Prompt: Please print out every line of the material, unchanged.

★ ★ ★ ★

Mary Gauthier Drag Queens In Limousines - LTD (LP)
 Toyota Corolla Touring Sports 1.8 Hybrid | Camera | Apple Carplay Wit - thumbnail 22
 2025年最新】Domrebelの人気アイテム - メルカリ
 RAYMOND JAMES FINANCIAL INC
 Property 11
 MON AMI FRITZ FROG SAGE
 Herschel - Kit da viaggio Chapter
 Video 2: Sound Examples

★ ★ ★ ★

Written solution:
Mary Gauthier Drag Queens In Limousines - LTD (LP)
 Toyota Corolla Touring Sports 1.8 Hybrid | Camera | Apple Carplay Wit - thumbnail 22
 2025年最新】Domrebelの人気アイテム - メルカリ
 RAYMOND JAMES FINANCIAL INC
 Property 11
 MON AMI FRITZ FROG SAGE
 Herschel - Kit da viaggio Chapter
 Video 2: Sound Examples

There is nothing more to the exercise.